Unleash Link Provisioning

Purpose

Setting up domain-wide delegation allows the Unleash service account to impersonate users from your organization. This will enable Unleash to auto-magically create Links to supported Google Workspace services (such as Google Drive, Gmail, and Google Calendar) as soon as a new user joins your Unleash workspace, instead of the user having to manually set up the Links and authorize Unleash’s access using OAuth. This automatic process is called Link Provisioning. Provisioned links act like regular, manually created links, and can be easily removed by the user if they wish.

Prerequisites

The person configuring the domain-wide delegation must be an administrator of the relevant Google Workspace organization.

Setup

1. Go to https://admin.google.com/ac/owl/domainwidedelegation and sign in if needed. If you are already signed in and have multiple organizations/domains, ensure you are signed into the correct account for the intended domain.

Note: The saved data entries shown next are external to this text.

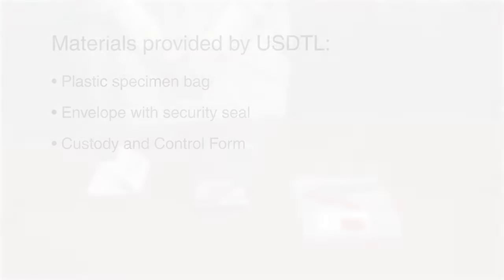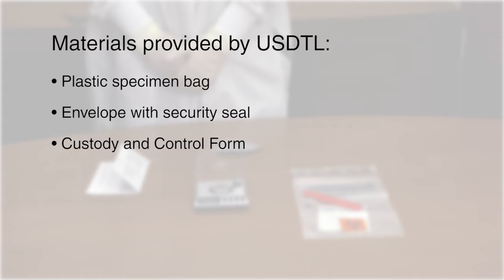Welcome to USDTL's Hair Collection Instructions video. Materials provided by USDTL include a plastic specimen bag, an envelope with security seal, and a custody and control form.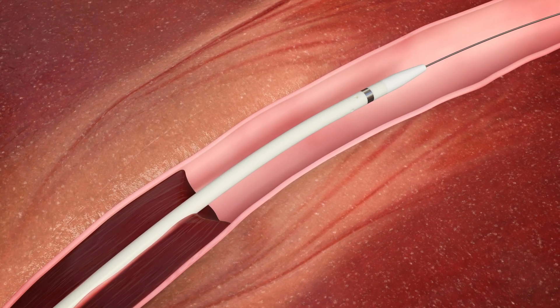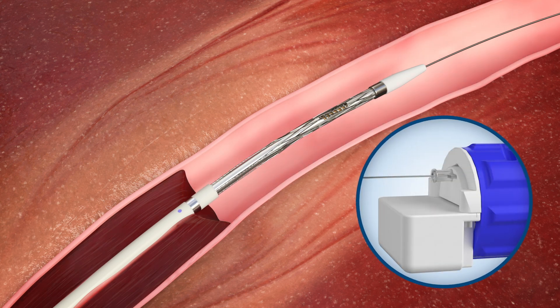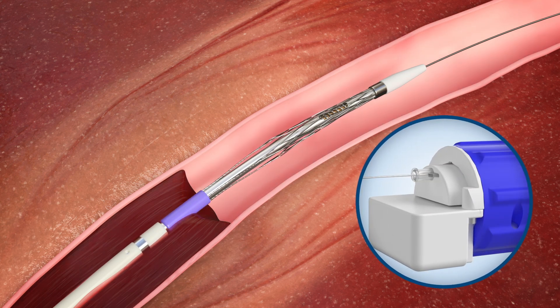Once the device is in position, the basket is unsheathed and then deployed by turning the dial on the handle, actively expanding the basket to provide wall-to-wall contact.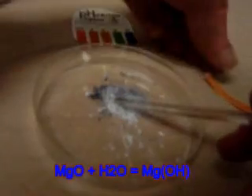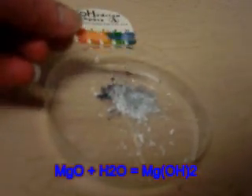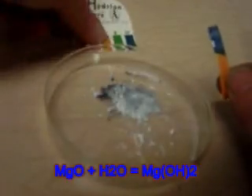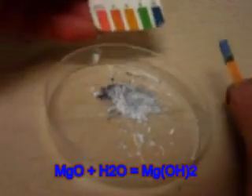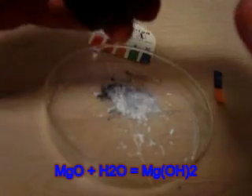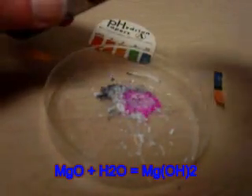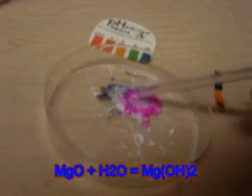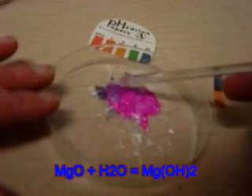Well, we've got those two tests. We can test our litmus paper, and right away we see that our litmus paper is a nice blue — an indicator of hydroxide. And also our phenolphthalein — one drop of phenolphthalein and we get our nice fuchsia color, which is very typical of our hydroxide OH group.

2. At the top of the API Clients table, click Add new.

3. In the dialog that opens, under Client ID, provide the value 101066985626398460460

4. In the same dialog, under OAuth scopes, add the following scopes (comma-delimited list follows).

openid
profile
email
<https://www.googleapis.com/auth/admin.directory.user.readonly>
<https://www.googleapis.com/auth/gmail.readonly>
<https://www.googleapis.com/auth/admin.directory.group.readonly>
<https://www.googleapis.com/auth/admin.directory.domain.readonly>
<https://www.googleapis.com/auth/calendar.readonly>
<https://www.googleapis.com/auth/directory.readonly>
<https://www.googleapis.com/auth/userinfo.profile>
<https://www.googleapis.com/auth/drive.photos.readonly>
<https://www.googleapis.com/auth/contacts.readonly>
<https://www.googleapis.com/auth/drive.readonly>
<https://www.googleapis.com/auth/drive.metadata.readonly>
<https://www.googleapis.com/auth/drive.activity.readonly>

For your convenience, below is the same list of scopes formatted with commas

openid,profile,email,<https://www.googleapis.com/auth/admin.directory.user.readonly,https://www.googleapis.com/auth/gmail.readonly,https://www.googleapis.com/auth/admin.directory.group.readonly,https://www.googleapis.com/auth/calendar.readonly,https://www.googleapis.com/auth/directory.readonly,https://www.googleapis.com/auth/userinfo.profile,https://www.googleapis.com/auth/drive.photos.readonly,https://www.googleapis.com/auth/contacts.readonly,https://www.googleapis.com/auth/drive.readonly,https://www.googleapis.com/auth/drive.metadata.readonly,https://www.googleapis.com/auth/drive.activity.readonly>

5. Click the Authorize button

6. Please notify your Unleash contact that this process has been completed so that we can validate that the setup is successful and configure your requested link provisioning automation.